Phil Ivey's Edge-sorting Partner Loses Case in Connecticut5 years ago
The satisfaction of beating a casino at their own game by being an accomplished edge-sorter is likely priceless. Unfortunately, those players who have become experts at edge-sorting are experiencing less satisfaction when having to plead their cases before a judge and seeing those cases sorted into the dismissed pile.
That's what happened in Connecticut to Phil Ivey's edge-sorting partner, Cheung Yin Sun, when a federal judge ruled that Sun and two other plaintiffs could not proceed with a $3 million case against the Foxwoods Casino. U.S. District Judge Janet Hall tossed the case - not because edge-sorting is questionable - but because the Foxwoods is run by an Indian tribe and has sovereign immunity as a result.

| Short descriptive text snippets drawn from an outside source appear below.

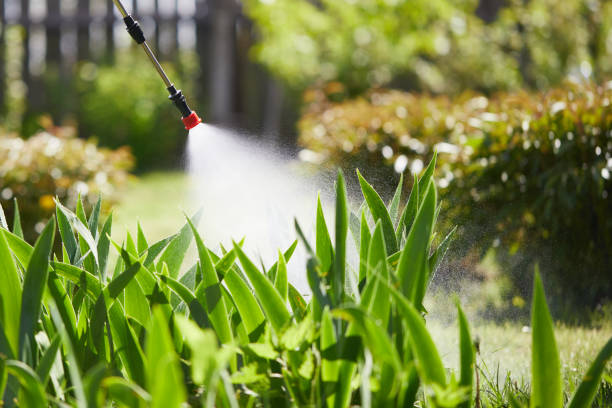 24/7 Emergency Mosquito Control experts in Old Westbury, NY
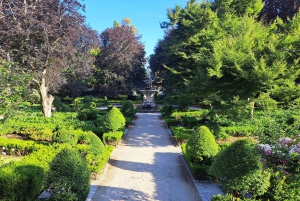 Coimbra Botanical Garden Tour: Storytelling Through Nature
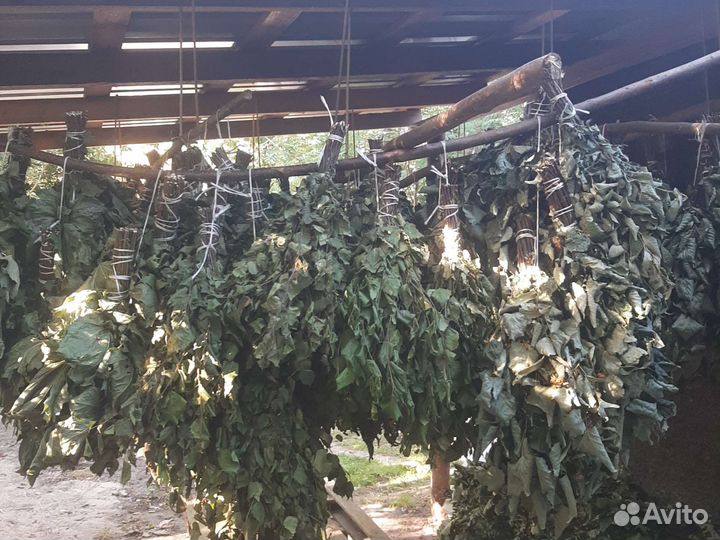 Веники для бани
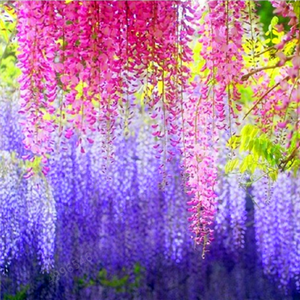 5pcs Hot Sale Outdoor Bonsai Wisteria Rare Flower DIY Home Garden Ornamental Climb Rattan Flore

The three plaintiffs, all Chinese nationals, entered the Foxwoods in December 2011 and put up $1.6 million at the mini-baccarat table, the Las Vegas Sun reported. Their edge-sorting skills allowed the trio to win more than $1 million.
But winning and collecting those winnings are not one and the same, as Foxwoods representatives cried foul and accused Sun, Zong Yang Li and Long Mei Fang of cheating. The casino kept the players' deposit and winnings, and were backed up by a tribal gaming commission ruling that found the edge-sorters to be out of sorts with existing gaming regulations.

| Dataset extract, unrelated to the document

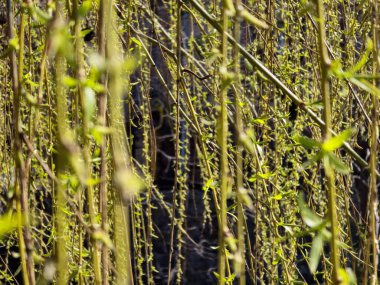 Bahçede yeşil yapraklar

The gamblers took the matter to federal court, seeking their deposit, winnings, and damages to boot - claiming their civil rights had been violated. Judge Hall proceeded to muck the case, which may put edge-sorting on a path toward becoming a lost art.
Edge-sorting and the details behind it found its way to poker news sites because 10-time WSOP champ Phil Ivey won millions by using the scheme at baccarat tables in London and Atlantic City while accompanied by Sun. When Crockford's Casino withheld his winnings, Ivey sued. But he lost the case when the judge found edge-sorting to be "cheating," all the while commending Ivey for being a "truthful witness."

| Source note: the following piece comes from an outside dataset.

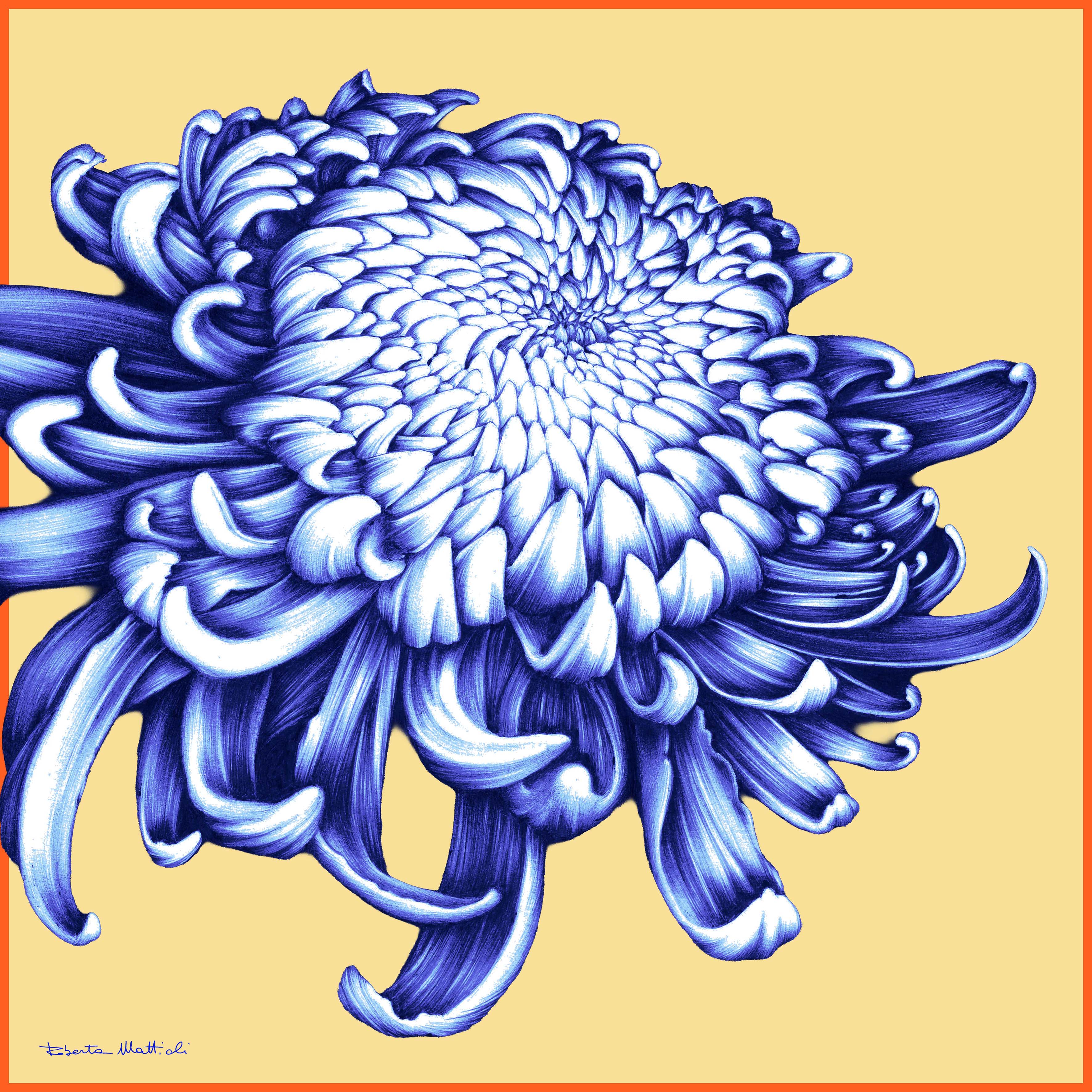 Chrysanthemum - 60x60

The Borgata in Atlantic City also took issue with Ivey and Sun winning more than $9 million by edge-sorting at their casino on a handful of occasions in 2012. However, the Borgata is the plaintiff in that case, forced to initiate the action after paying out the baccarat winnings to Ivey and Sun. A judge ruled in March that the case can proceed, finding no favor with Ivey's motion to dismiss.
Edge-sorting, for those who may be unaware, consists of reading the imperfections or defects on the back of playing cards used at the table, gaining an edge by knowing the values of some of the cards in play. The defects arise in the way the cards are cut by the manufacturer.
Also tied to the scheme in varying degrees is using the same deck repeatedly after the values are known and requesting that certain cards be turned 180 degrees - in order to properly read the imperfections on the back. Ivey and his cohort allegedly claimed those requests were for reasons of "superstitution." Casinos often acquiesce when high rollers such as Ivey make requests of that nature.
An interesting note with regard to the Connecticut case, according to the plaintiffs, is that reps at Foxwoods Casino knew the trio were edge-sorters. In reports circulated among casinos, the Chinese gamblers were cited as having been successful in winning huge sums of cash in both Atlantic City and Las Vegas.
Was Foxwoods lying in wait for the edge-sorters, knowing in advance that any money won at the tables would not be paid out?